EXERCISE OBJECTIVE: Among the records below, find the line with "May include: A" and the line with "A tin plate". Set down both and every line between, exactly and with no pictures, but nothing else.

MATERIALS PROVIDED:
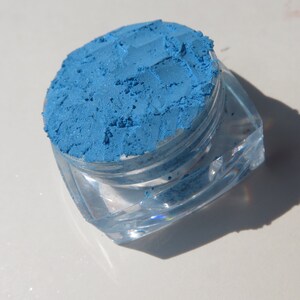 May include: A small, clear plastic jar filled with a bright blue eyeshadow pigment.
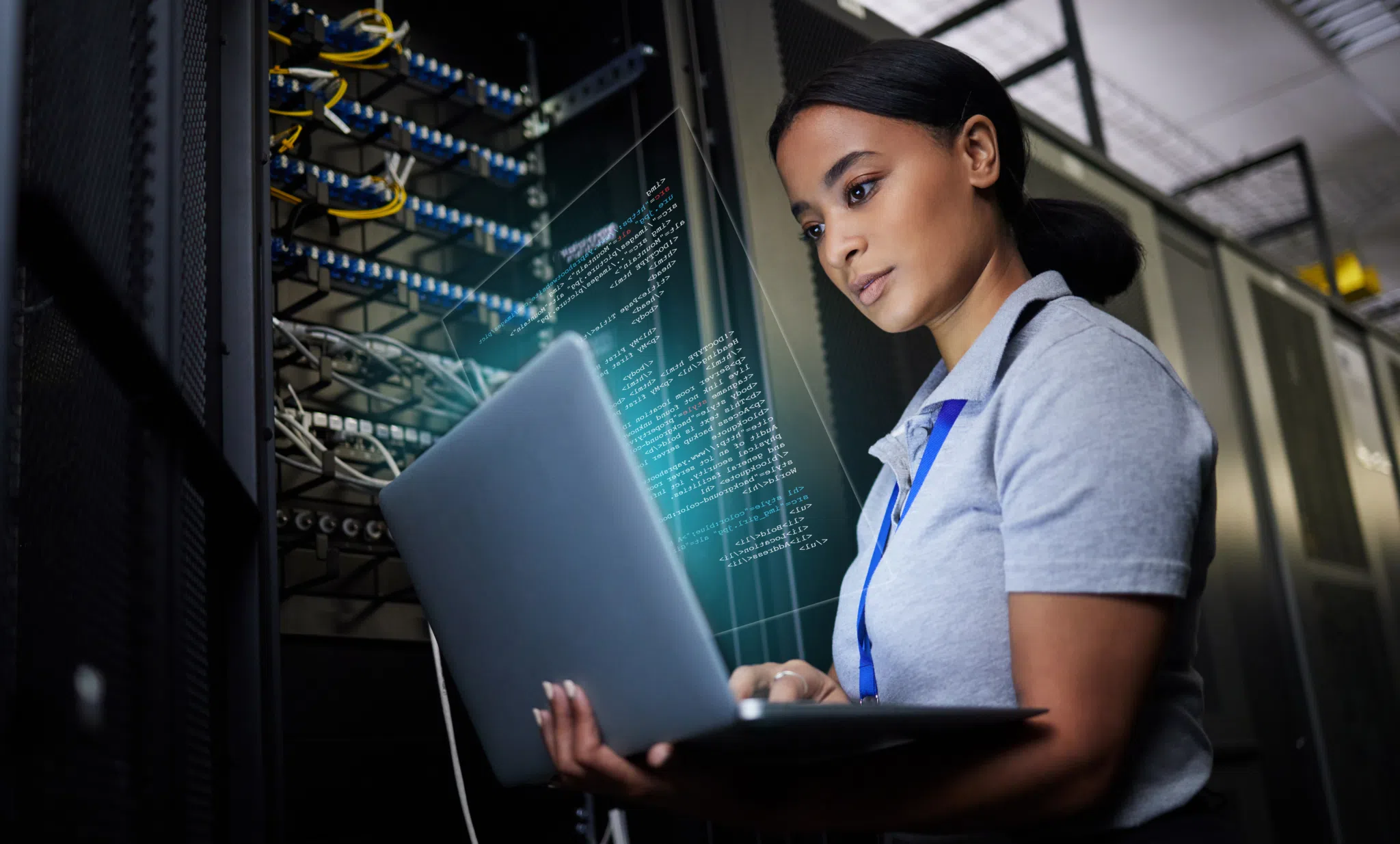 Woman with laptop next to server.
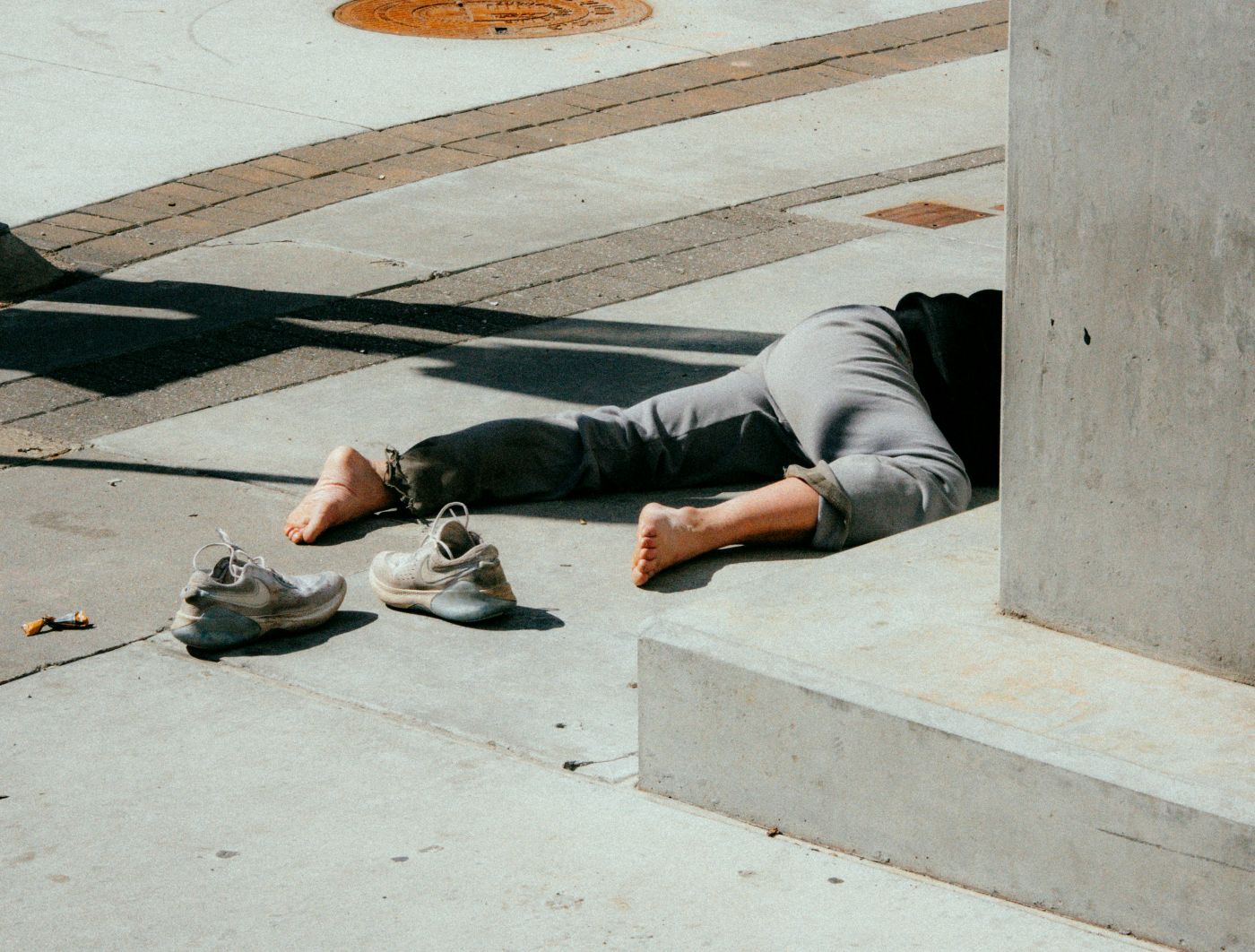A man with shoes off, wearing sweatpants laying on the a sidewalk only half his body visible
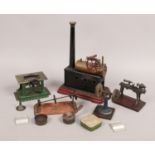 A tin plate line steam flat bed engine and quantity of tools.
--
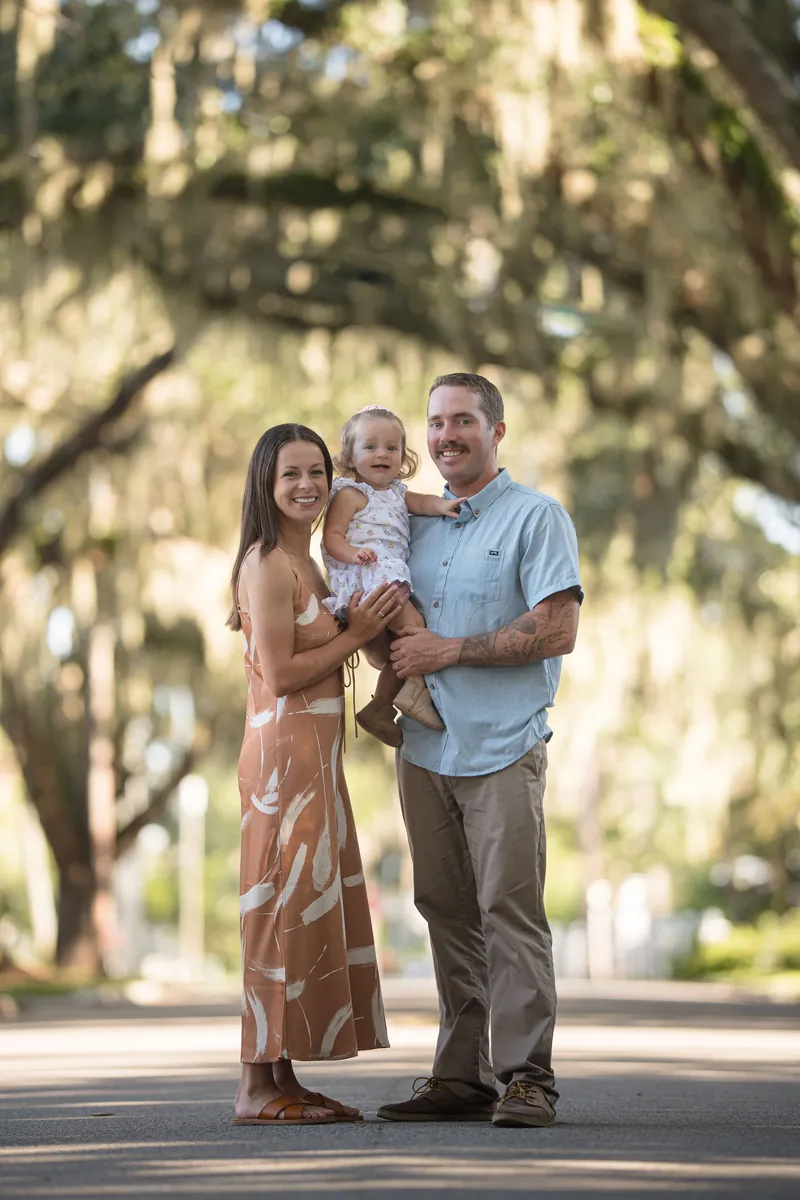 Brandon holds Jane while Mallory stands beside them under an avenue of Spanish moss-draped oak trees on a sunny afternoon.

ANSWER BOX:
 May include: A small, clear plastic jar filled with a bright blue eyeshadow pigment.
 Woman with laptop next to server.
A man with shoes off, wearing sweatpants laying on the a sidewalk only half his body visible
 A tin plate line steam flat bed engine and quantity of tools.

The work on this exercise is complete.